The antral mucosa as a new site for endocrine tumors in multiple endocrine neoplasia type 1 and Zollinger-Ellison syndromes.

作者信息

Bordi C, Corleto V D, Azzoni C, Pizzi S, Ferraro G, Gibril F, Delle Fave G, Jensen R T

机构信息

Department of Pathology and Laboratory Medicine, Section of Pathological Anatomy, University of Parma, Italy.

出版信息

J Clin Endocrinol Metab. 2001 May;86(5):2236-42. doi: 10.1210/jcem.86.5.7479.

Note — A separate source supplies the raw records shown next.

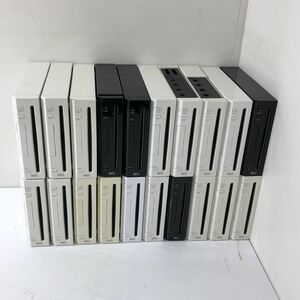 Nintendo Wii 本体 RVL-001 20点 まとめて 未検品 AAA0001大5286/0926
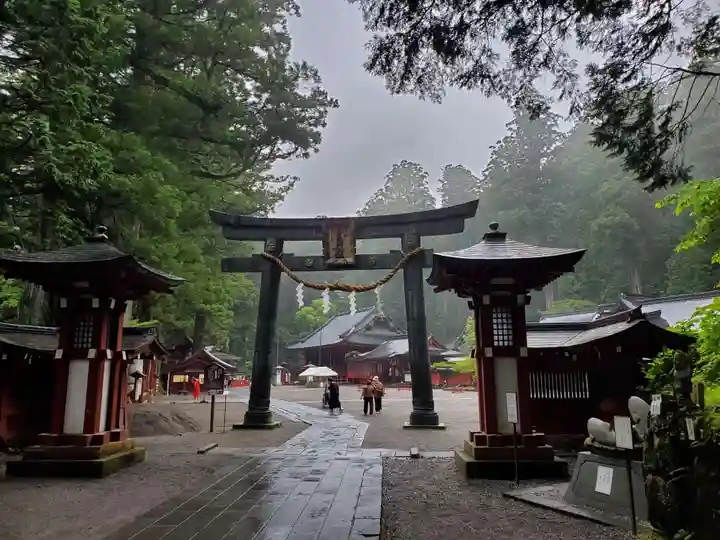 日光二荒山神社の鳥居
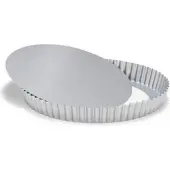 Patisse ST Vlaaivorm Losse Bodem 24cm Grijs grijs Staal Bakvorm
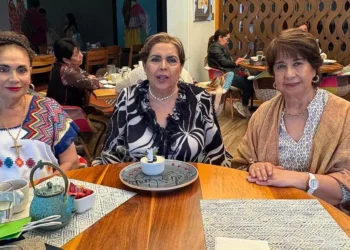 Foto: Rubén Morales // Judith Liñán de Díaz celebró su cumpleaños con un cálido desayuno en compañía de sus amigas.
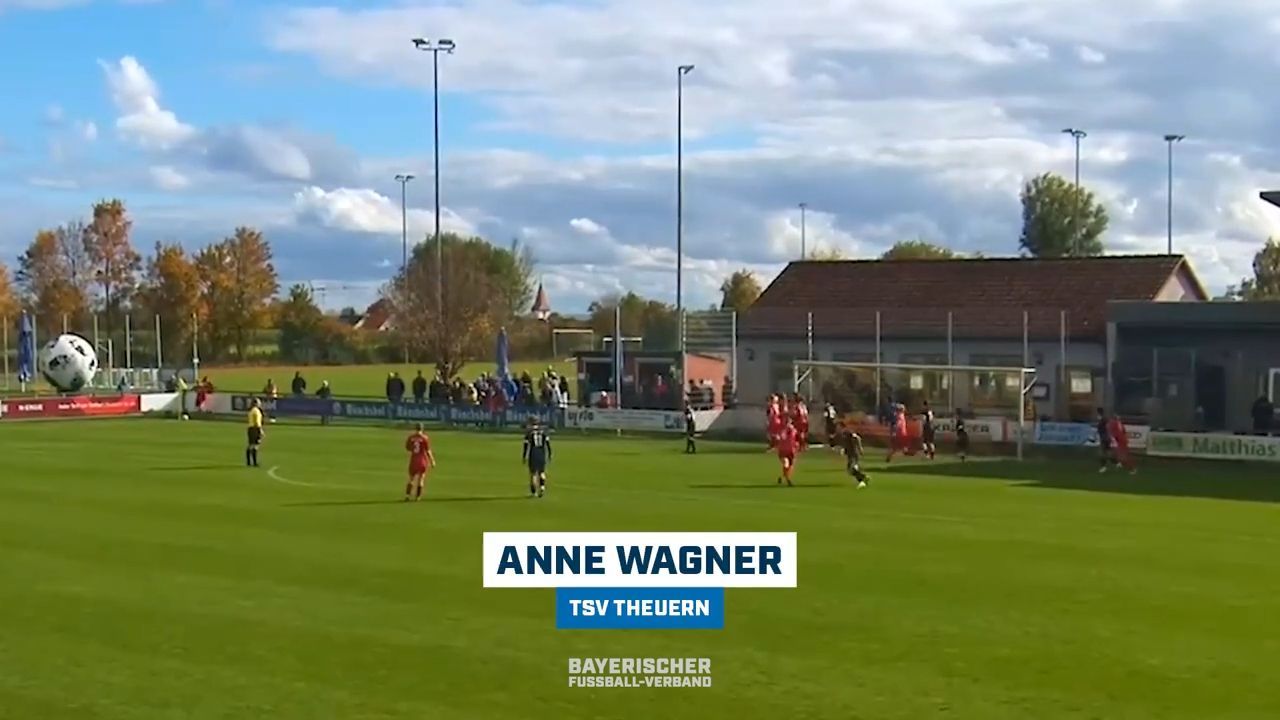 Anne Wagner (TSV Theuern) – _Bavarian Goal of the Month_ October 2025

DOI:10.1210/jcem.86.5.7479
PMID:11344233
Abstract

Carcinoid tumors were identified in the antro-pyloric mucosa of four patients with multiple endocrine neoplasia type 1 (MEN-1)/Zollinger-Ellison syndrome, accounting for 8.7% of 46 patients with this condition examined by endoscopy and histology. In contrast, no tumors were found in the antral biopsies from 124 cases of sporadic Zollinger-Ellison syndrome (P < 0.001), indicating a prominent role for the MEN-1 gene defects in tumor development. Immunohistochemically the tumors did not express the hormones produced by antral endocrine cells (gastrin, somatostatin, serotonin). In contrast, two of them were diffusely immunoreactive for the isoform 2 of the vesicular monoamine transporter (VMAT-2), a marker specific for the gastric nonantral enterochromaffin-like (ECL) cells. In one of these patients a second antral VMAT-2-positive carcinoid was seen 21 months after the first diagnosis. The other two antral carcinoids were unreactive for VMAT-2. Multiple ECL cell tumors were found in the gastric body-fundus mucosa of the two patients with VMAT-2-positive, but not in those with VMAT-2-negative, antral carcinoids. In one case, the former tumors were diagnosed 22 months after the detection of the antral tumor. We conclude that the antral mucosa is an additional tissue that may harbor endocrine tumors in MEN-1 syndrome. These tumors did not express the phenotype of normal antral endocrine cells and, in at least two cases, were identified as ectopic ECL cell carcinoids.

摘要

在4例1型多发性内分泌腺瘤病(MEN-1)/佐林格-埃利森综合征患者的胃窦-幽门黏膜中发现了类癌,占46例经内镜检查和组织学检查的该疾病患者的8.7%。相比之下,在124例散发性佐林格-埃利森综合征患者的胃窦活检中未发现肿瘤(P<0.001),这表明MEN-1基因缺陷在肿瘤发生中起重要作用。免疫组化显示,这些肿瘤不表达胃窦内分泌细胞产生的激素(胃泌素、生长抑素、5-羟色胺)。相反,其中2例对囊泡单胺转运体(VMAT-2)的同工型2呈弥漫性免疫反应,VMAT-2是胃非胃窦肠嗜铬样(ECL)细胞的特异性标志物。在其中1例患者中,首次诊断21个月后发现了第二个胃窦VMAT-2阳性类癌。另外2例胃窦类癌对VMAT-2无反应。在2例VMAT-2阳性胃窦类癌患者的胃体-胃底黏膜中发现了多个ECL细胞瘤,而VMAT-2阴性胃窦类癌患者中未发现。在1例中,前者的肿瘤在胃窦肿瘤发现22个月后被诊断。我们得出结论,胃窦黏膜是MEN-1综合征中可能存在内分泌肿瘤的另一种组织。这些肿瘤不表达正常胃窦内分泌细胞的表型,并且在至少2例中被鉴定为异位ECL细胞类癌。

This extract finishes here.